The great Laker coach and now Miami Heat President Pat Riley has said that “to have long-term success as a coach or in any position of leadership, you have to be obsessed in some way.” Enter Todd Graves and In Kim, 2014 Coaches of the Year for USA Shooting.
Obsessed with winning as an athlete, Graves, the National Team coach for Shotgun, isn’t any different as coach. He led the program to arguably its best ever performance in 2014. Kim is obsessed with development and changing the face of USA Shooting’s pistol program. He placed four athletes from his club on the Junior World Pistol Team. Both unique in their own ways, they are linked in 2014 by their obsession and for the fact that nobody got more out of the athletes they coach than these two did in 2014.
Todd Graves, 2014 National Coach of the Year
The transition from athlete to coach isn’t always a smooth one. But, USA Shooting’s National Shotgun Coach Todd Graves makes it look easy and for leading USA Shooting’s shotgun program to unprecedented success in 2014, Graves has been named 2014 USA Shooting Coach of the Year.
The recap reads like this: three earned Olympic quotas, 13 World Cup medals, two World Cup Finals medals and a World Championship performance that saw 11 medals with three World Champions, Junior World Champs silver and bronze medalists, six other top-10 performers, six team medalists, and one world record.
There’s no lack of intensity in his approach or confidence in his athletes. As coach, Graves carries with him that same fiery competitiveness and desired greatness that, as an athlete, earned him spots on four Olympic Teams and a bronze medal in 2000.
While trying to be all things to all people, which is what the job requires, he’s not afraid to ask for help either having enlisted some of the best coaches in the country to help raise the program to its current heights including Dwayne Weger, Jay Waldron, Tommy Browning, Craig Hancock and Mike Simpson.
Coach Graves isn’t about accolades, so this will mean little to him. But he’ll reflect on the cache of athletes he had performing well in 2014 along with a stable of coaches that helped produce some significant results and be satisfied, if only temporarily, because he’ll demand even more of himself, his athletes and team in 2015.
In Kim, Developmental Coach of the Year
In Kim has big goals for the members of his Bridge Junior Shooting Club that includes:
• 30% of the Pistol athletes on the National Junior Team • 30% of the National Junior/Junior Olympic medals
• 30% of the World Championship Junior Pistol team
• And hopefully one day, 30% of the Olympic team
“Those are my goals – I know it’s crazy – and because of it, I’m killing myself with training! ” the Club director and Assistant National Team coach said. “That’s what I thought when I started this club about five years ago, and I think about half of the pistol shooters on the Junior National Team have come from my club. Next goal for them is National Team then hopefully, the Olympics.”
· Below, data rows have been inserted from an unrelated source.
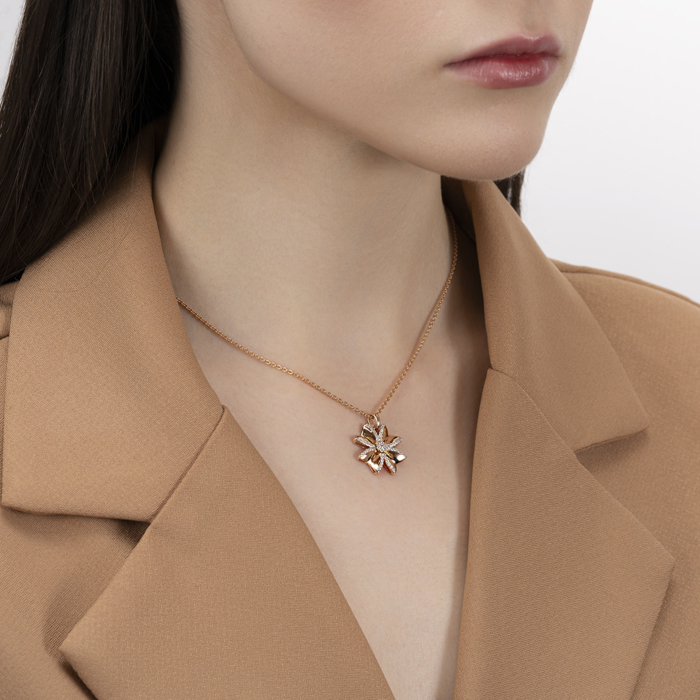 Золотая подвеска с фианитами. Артикул 32635/01/1/75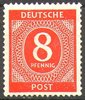 917 Freimarke Kontrollratsausgabe 8 Pf Deutsche Post Alliierte Besetzung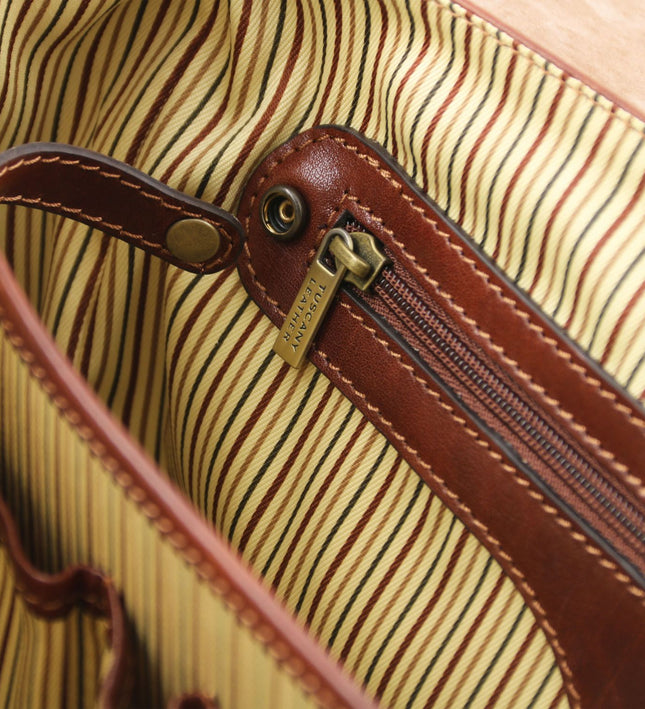 TL142068 – Mantova - leren multi compartment TL SMART briefcase with flap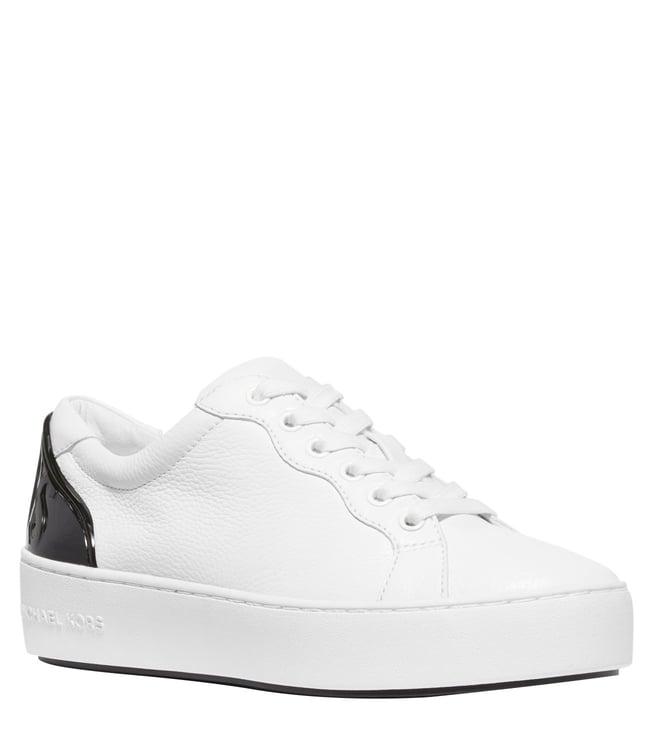 michael kors optic white sneakers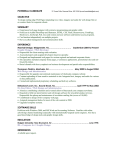 sample resume for web designer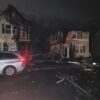 Three homes damaged in cambridge townhouse blaze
He calls himself crazy, but four of the 11 Junior Pistol athletes competing in the World Championship were from his club – that’s 36 percent – and more representation on the team of athletes from one club than any other. He currently has five athletes on the National Junior Team as well. USA Shooting is proud to name Kim its Developmental Coach of the Year. The Bridge Jr. Shooting Club was founded in 2010 by Kim to promote the sport of Olympic Pistol for juniors in the Southern California area.
“The U.S. is one of the best and since the frontier days we’ve been good at shooting, but if in Pistol we are about 10 points behind (international competitors), that’s kind of a shame. My friends and I decided to dedicate ourselves to developing a future Olympian in Pistol…(With my club) They have to have a champion’s attitude, a winning attitude from the beginning if they’re going to be on my range. We train them harder than any other club.”